## WHAT IS NEEDED
From the records below, print only the part that opens with the line containing "A promotional banner" and closes with the line containing "18-32 Inch Straight"; omit the pictures.

## RECORD EXCERPTS
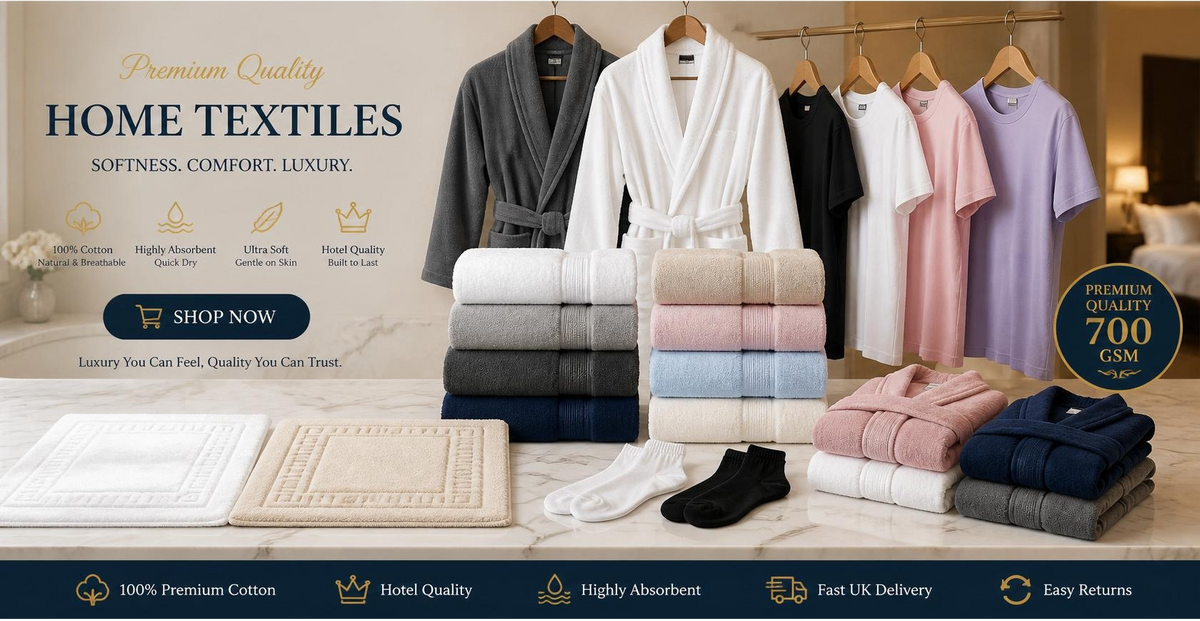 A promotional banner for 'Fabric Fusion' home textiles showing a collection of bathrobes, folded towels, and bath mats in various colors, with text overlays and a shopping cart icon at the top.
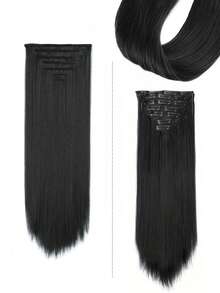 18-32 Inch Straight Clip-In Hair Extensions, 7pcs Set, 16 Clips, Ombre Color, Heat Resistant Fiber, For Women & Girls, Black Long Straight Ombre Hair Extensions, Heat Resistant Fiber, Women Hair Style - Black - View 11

==

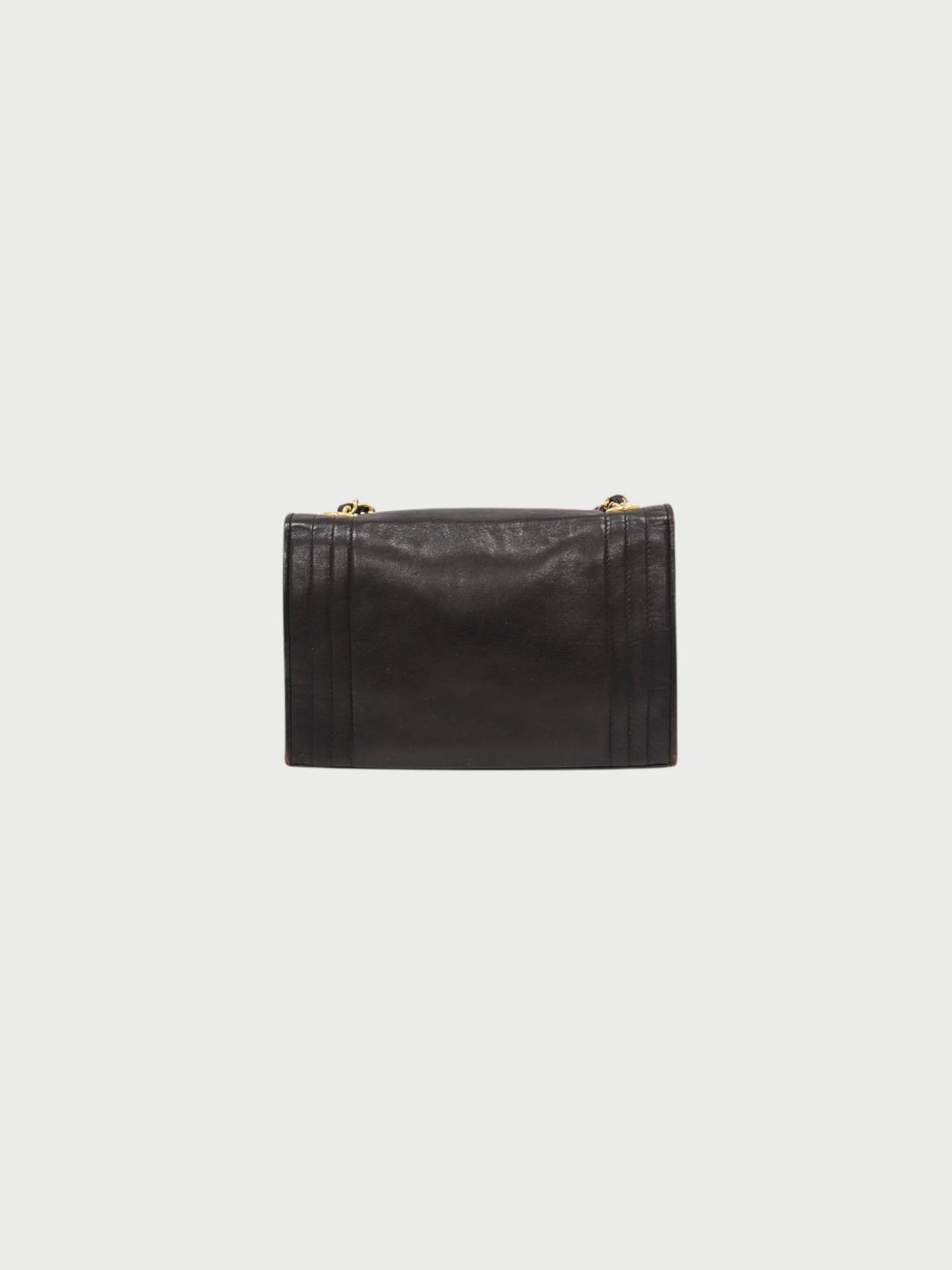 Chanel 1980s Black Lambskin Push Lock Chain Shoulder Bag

==

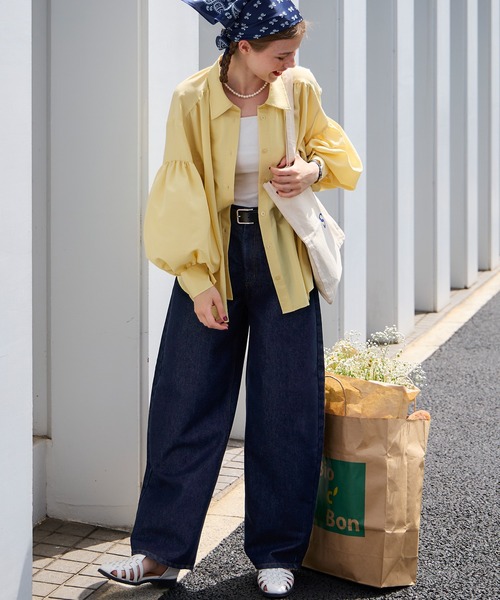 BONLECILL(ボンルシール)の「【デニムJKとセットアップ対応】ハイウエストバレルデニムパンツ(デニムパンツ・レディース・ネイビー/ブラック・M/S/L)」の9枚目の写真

## OUTPUT BELOW
 A promotional banner for 'Fabric Fusion' home textiles showing a collection of bathrobes, folded towels, and bath mats in various colors, with text overlays and a shopping cart icon at the top.
 18-32 Inch Straight Clip-In Hair Extensions, 7pcs Set, 16 Clips, Ombre Color, Heat Resistant Fiber, For Women & Girls, Black Long Straight Ombre Hair Extensions, Heat Resistant Fiber, Women Hair Style - Black - View 11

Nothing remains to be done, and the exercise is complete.